After a year of planning this thing, of putting up with all the minutiae of organizing a conference, this week is my reward. I EARNED this. Am I ashamed? I am not. Have I been forthcoming about my week with my family? I have not. I have protected this idleness from any requests that may rain down upon me if family members realize that I have spent more than 20 minutes occupied with something other than family business.
Today is Friday, the last day of the workshop. In some ways I am happy that this is my last day of work for the rest of the summer. I have all of July and half of August free, with mountains of time to goof off with the kids. I do love days like that, days when we loaf in our pajamas until 10 and then slowly make our way to the library or the store or the park.
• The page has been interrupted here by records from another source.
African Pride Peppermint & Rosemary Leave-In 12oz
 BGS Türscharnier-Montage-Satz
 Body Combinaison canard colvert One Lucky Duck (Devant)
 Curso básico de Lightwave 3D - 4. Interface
But this time next week, when I am sitting with Paige in the pee-warmed baby pool, watching the boys splash around in the big pool and out-yell any other children within a 5 mile radius, when they pad over to beg for .75 cents to buy a miniature bag of Sun Chips, I am going to close my eyes and visualize this conference room with its shiny table, its fake crystal chandelier, and its carefully arranged pitchers of ice water, and I am going sigh for the loss of this idleness, these hours of reading Perez Hilton and playing Scrabble Cubes. And then I am going to take a deep breath, look at my adorably soggy children and say, "NO! We JUST. HAD. LUNCH."